Your job is to give again, exactly and with no additions, the lines in the records below from the one with "Чихуахуа цуценята" through the one with "Siberian Husky Puppies", both included. Omit the pictures.

Material supplied:
--------

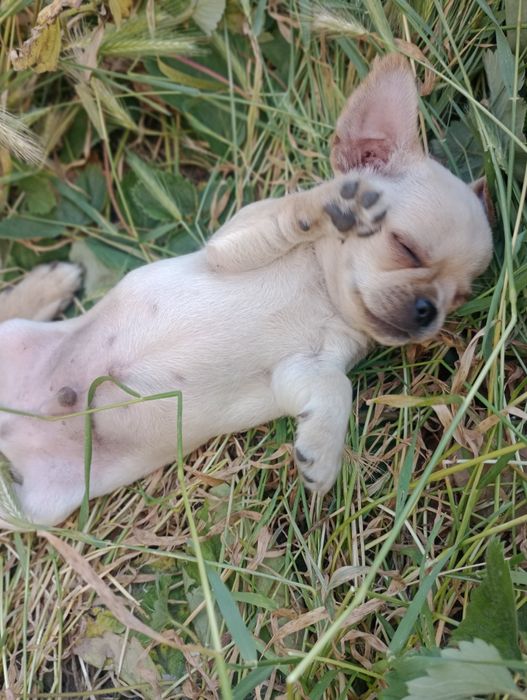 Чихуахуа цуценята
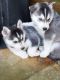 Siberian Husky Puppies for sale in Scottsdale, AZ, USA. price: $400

--------

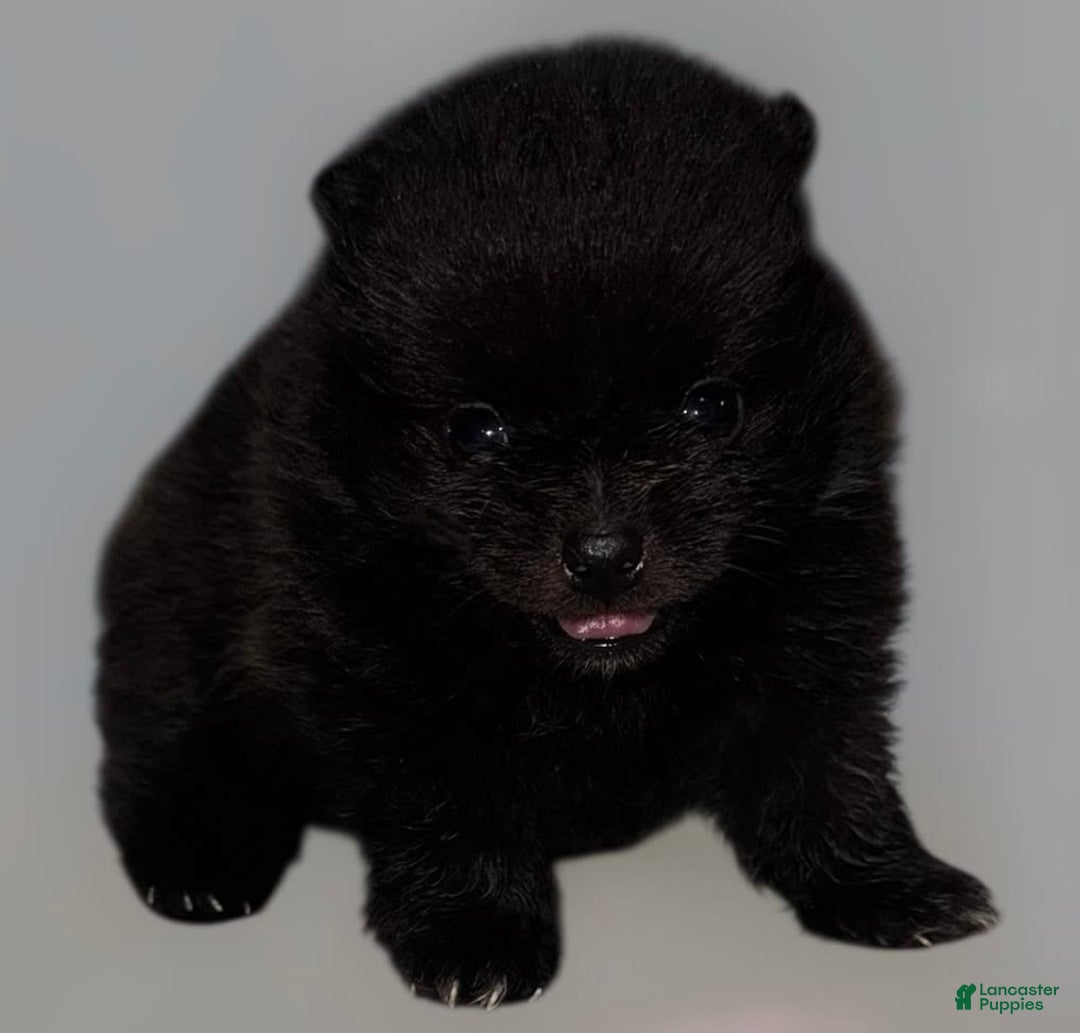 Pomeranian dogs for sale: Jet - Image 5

--------

Solution to the exercise:
 Чихуахуа цуценята
 Siberian Husky Puppies for sale in Scottsdale, AZ, USA. price: $400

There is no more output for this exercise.